> **Exercise brief**
Please copy the listing that follows exactly, leaving out any pictures.

> **Provided records**
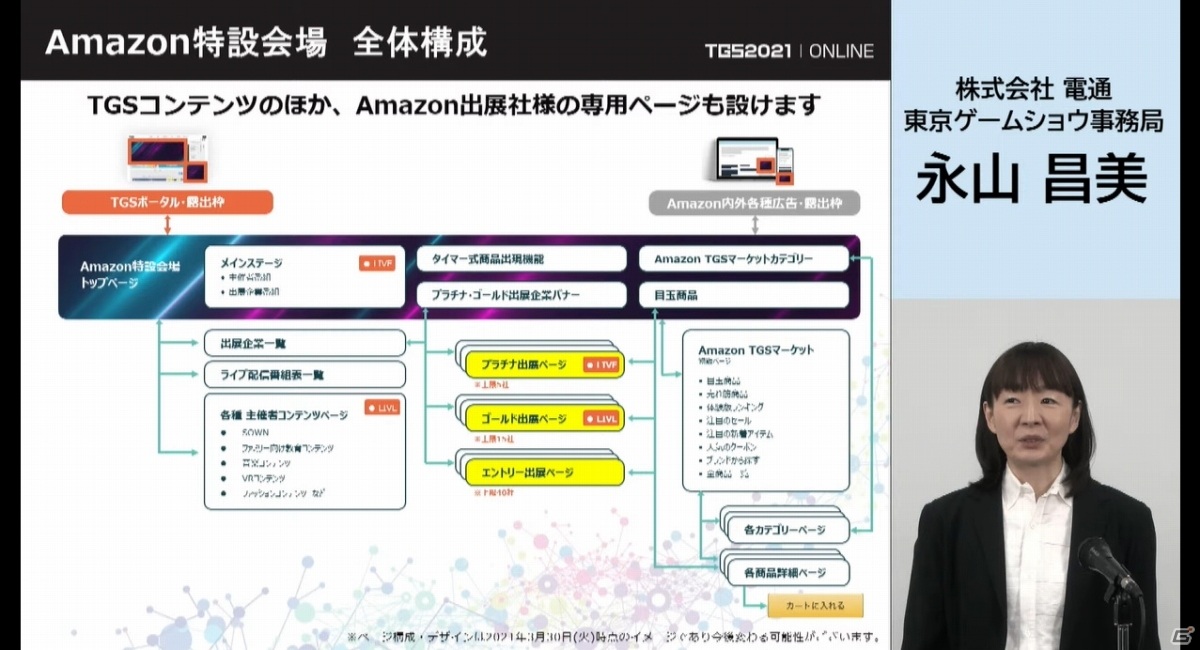 東京ゲームショウ2021 開催発表会をレポート―オンラインとプレス・インフルエンサー向けリアル会場のハイブリッドで実施の画像36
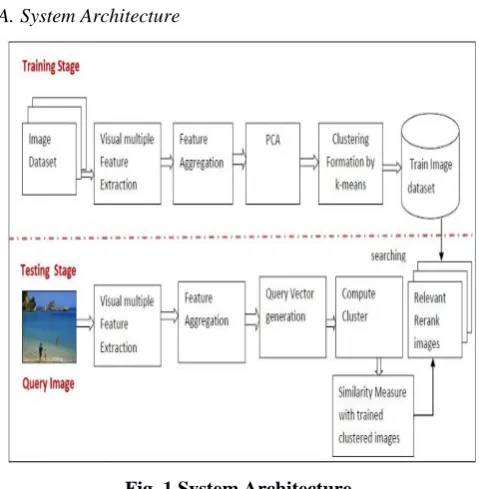 Fig. 1 System Architecture The proposed system is divided into following three blocks: 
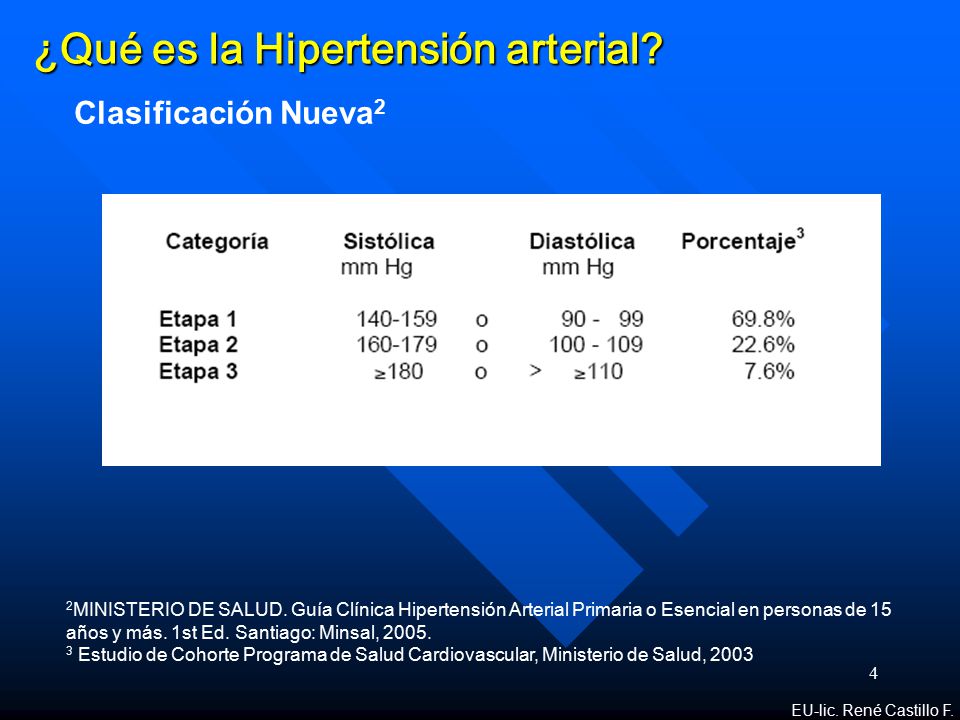 En qué rango debe la presión arterial diastólica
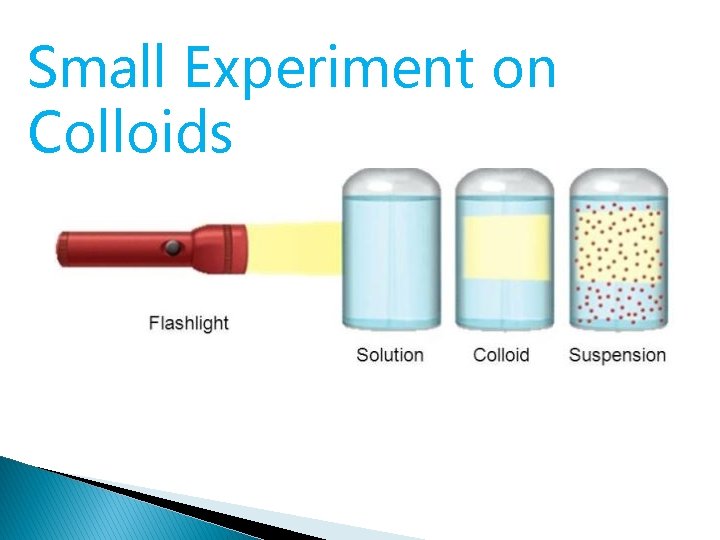 Small Experiment on Colloids 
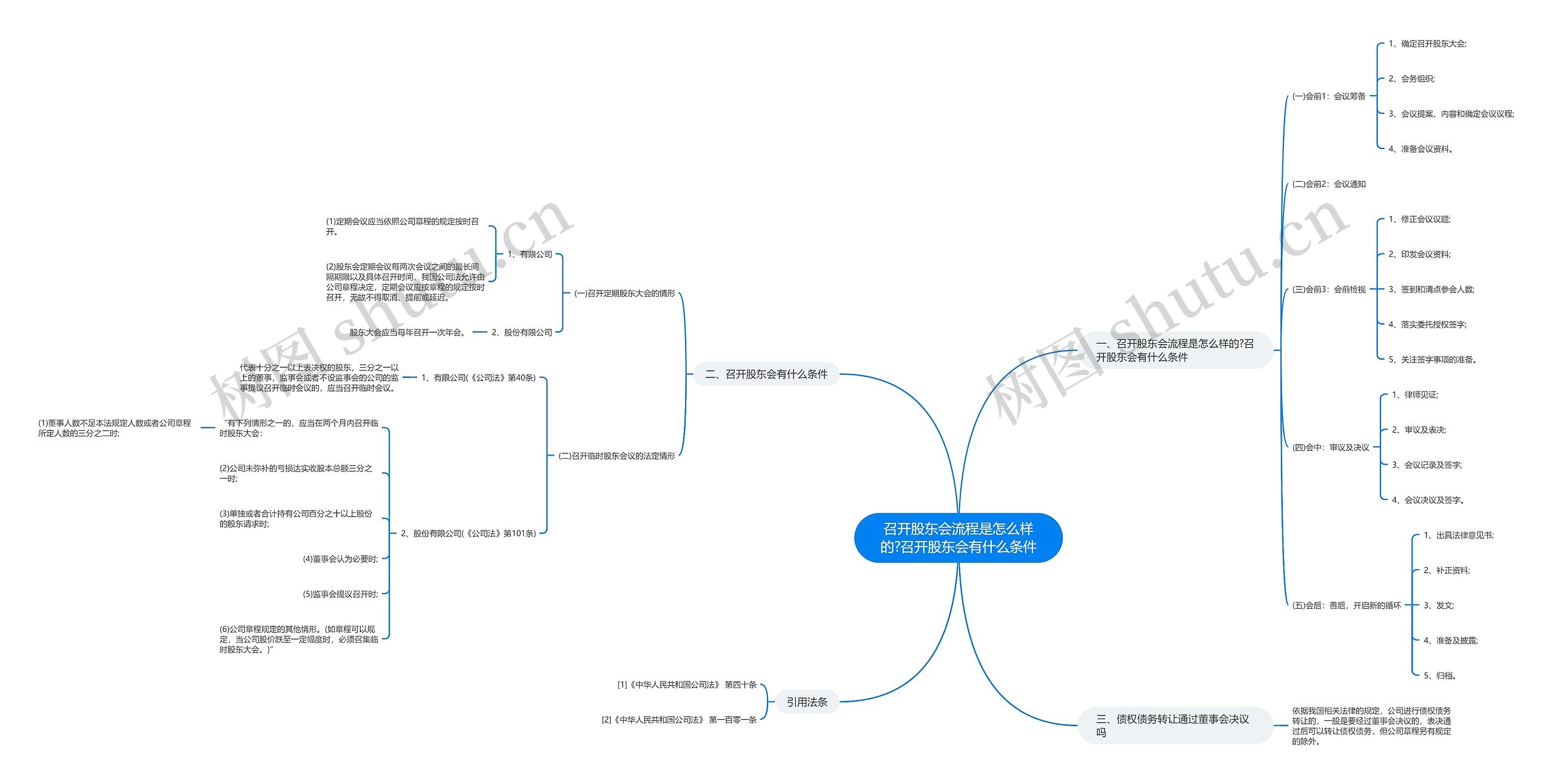 召开股东会流程是怎么样的?召开股东会有什么条件 召开股东会流程是怎么样的?召开股东会有什么条件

> **Output of the exercise**
 東京ゲームショウ2021 開催発表会をレポート―オンラインとプレス・インフルエンサー向けリアル会場のハイブリッドで実施の画像36
 Fig. 1 System Architecture The proposed system is divided into following three blocks: 
 En qué rango debe la presión arterial diastólica
 Small Experiment on Colloids 
 召开股东会流程是怎么样的?召开股东会有什么条件 召开股东会流程是怎么样的?召开股东会有什么条件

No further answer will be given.